暫時也好,永久也罷,我想把不小心放進教育潭的腳尖收起來了。 總是在毫無防備時接起被放棄的電話,已是第三通。學生成績沒有進步呢,段考的,模擬考的,小考的,一直一直考的。從來沒有進步過,那個以紅字或者是電腦key-in的數字,因為那樣,所以有人不安,有人挫敗,有人覺得沒有價值。 是數字決定了價值?還是其他什麼?應該沒有任何東西可以決定一個人的價值。
我患有八個月魔咒,做一件事情,兩個月開始懷疑自己,三個月開始考慮放棄,如果三個月時沒丟掉,就會撐到八個月,這段期間,我會想要丟掉一切,想撒手就走。我無法敞開心扉待人,總是苦笑,總是想離開,我總是不屬於現在,孩子也挺可憐的,面對一個內心空洞且焦慮的殼。 而且,愈來愈覺得「美」是很難在這種體制下生存的。我們沒有空間感受美,用一道題目告訴你美是什麼,四選一吧。當我暢遊美時,又被現實打亂了,雖然不放棄,我堅持自己的美,結果是接到一通通電話。即使如此,我還是相信這些正在改變,我的確也看到了很多改變,只是目前這種形式並不是最服務於我的,我已經不符合了。所以我得轉化,變換,我得成為我的改變啊。

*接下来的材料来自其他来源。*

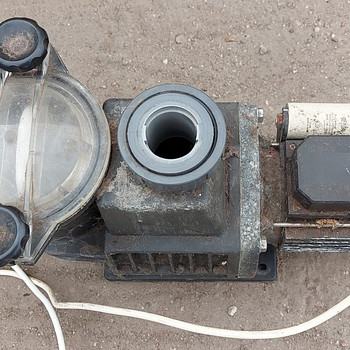 Basseinipump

任何事情的思考我都是以自己為中心。不過我其實覺得誰又不是?自我滿足這種概念在日本社會中常常被詬病,然而那些為別人著想的心也都是為自己的啊,若不是如此,那只是病態的犧牲而已。那些貢獻自己的生命成全他人的人,一定也是以自我為中心的,他們從他人身上感到一種共同體,一種人的普遍性,正因為共性,才能夠貢獻,這是為了自己啊,為了他人就是為了自己啊,只有這樣才能健康而持久啊。

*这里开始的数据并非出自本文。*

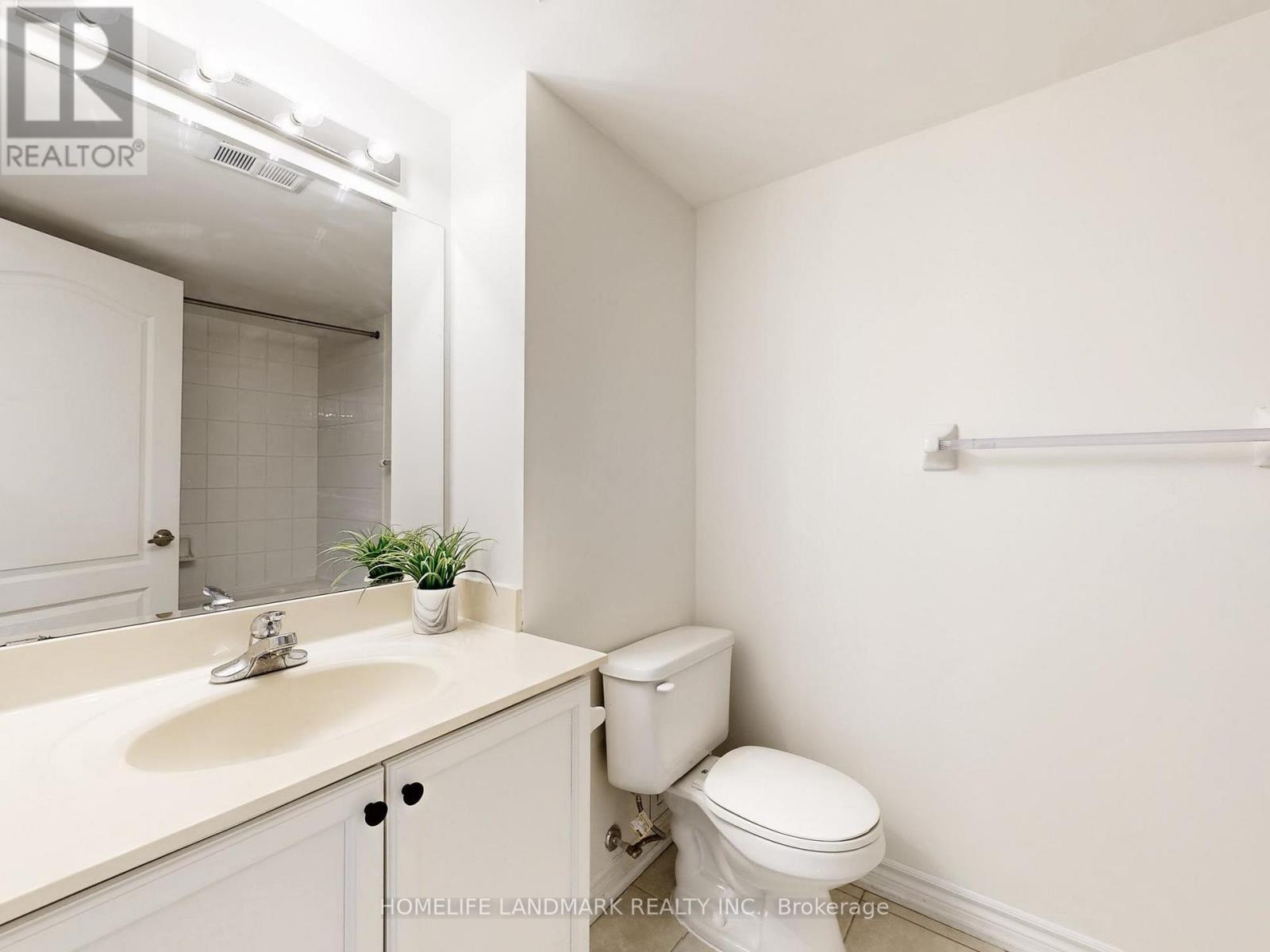 606 - 17 Barberry Place, Toronto, ON - Indoor Photo Showing Bathroom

沒有什麼社會責任。我朋友說,我還是得面對的,總不能一直逃避。我朋友說,會覺得有點生氣,因為我們都不是嬰兒了,怎麼可以任性。 其實我又覺得哪裡怪怪的了。也許就是因為斬不斷認同才怪。我並不覺得自己是社會體制什麼的受害者,真要說的話是得利者?不過,從國小以來被壓抑的自我意識突然又一次的覺醒,我意識到自己反覆覺醒又沉淪,只因為我披了不屬於我的東西在身上,反覆地在別人的期待和自己的想望中掙扎,我分不太清楚自己是個什麼東西。大家都在努力啊,大家都在掙扎啊,我有任性、隨心所欲活著的資格嗎?
曾經做什麼都是以120%的用力去做,還小的時候。我得是100分的。我是用自己是100分來約束自己,所以我會一直扣自己分數,覺得自己不完整。很快地我體認到這是一種迷障,不過我又陷入了別的層面的。我學會了擺爛,學會了用腦袋完成事情,我卻一直學不會平衡他人和自己。把自己的價值觀套在他人身上,不斷製造不幸,不斷控制和干涉的世界裡,我則是相反地一直把別人的價值觀套在自己身上呢。

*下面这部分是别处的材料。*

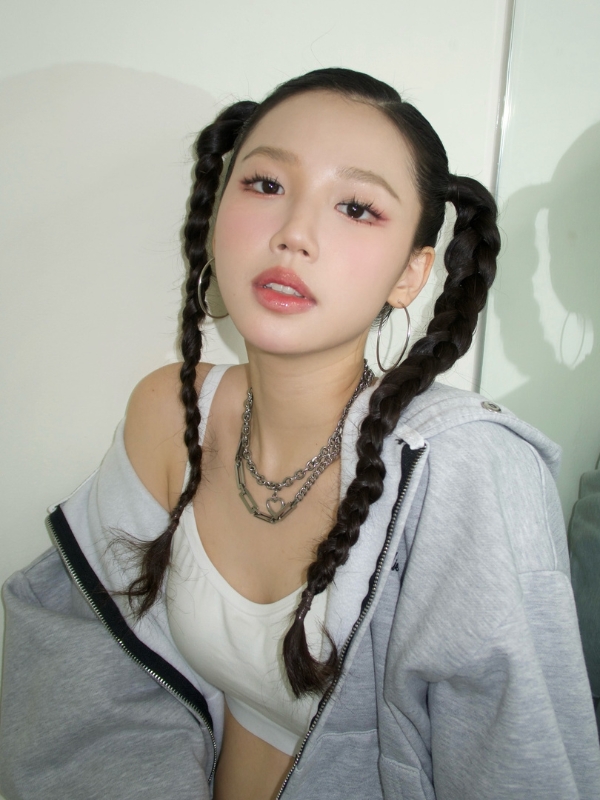 Amee sexy dễ thương kiểu tóc hai bím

我感覺到一種難以用言語說明的什麼,真正的我自己就在那1000字自傳的後面,所有能以言語組織而成的都不是我,都只是我的故事,我難以用言語向他人訴說自己,只是勉強的說著自己編造的故事而已。
這樣的我只有一個想要的東西。我要往那裏一步一步靠近,無論要過多久我知道自己還是會到達所有我想到的地方的。